Use of Longitudinal Expansion Joints in Wide-Bridge Applications to Reduce Deck Cracking

AbstractIt is a very common practice to use longitudinal expansion joints to create dual-direction bridges in applications that would have otherwise resulted in bridges that are very wide. Unfortunately, the introduced longitudinal expansion joint can result in deterioration similar to that resulting from using transverse joints at bridge abutments and piers. The reason that longitudinal expansion joints are used in wide bridges is related to concerns about deck cracking resulting from constrained expansion and contraction. The main objective of this research was to evaluate the need for longitudinal expansion joints by assessing the relationship between bridge width (and other factors) and the propensity for deck cracking. To achieve this objective, an integral abutment bridge was selected to conduct live-load and thermal-load testing to provide field testing data for the calibration of a three-dimensional (3D) finite-element model (FEM) that would be used for a comprehensive parametric study. A combination of live load plus temperature and shrinkage loading was applied to validate the model.
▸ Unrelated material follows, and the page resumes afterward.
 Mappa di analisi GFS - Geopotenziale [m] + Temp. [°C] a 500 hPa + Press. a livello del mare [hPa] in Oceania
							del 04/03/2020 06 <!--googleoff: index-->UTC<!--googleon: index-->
During the parametric study, three different width integral abutment bridge models were built to evaluate the need for the longitudinal expansion joint. Additionally, models with 45° skew and without an integral abutment were developed to study the relationship between bridge skew, abutment type, and the development of longitudinal and diagonal cracks. A review of historical deck-crack maps from actual bridge inspection reports was conducted for 40 common bridges. The results of this review of historical deck-crack development compared favorably with the parametric study results. The results of this study indicate that the use of a longitudinal deck joint will not reduce deck-end cracks. It was further found that the commonly observed longitudinal and diagonal cracking in the deck near the abutment on integral abutment bridges is a result of the restraint induced by the integral abutment combined with temperature and shrinkage differences between the abutment and the deck, and will occur for bridges of any width and any skew. It was also found that bridges that use conventional abutments (sometimes referred to as stub abutments) are not prone to develop this type of cracking, even for very wide bridges.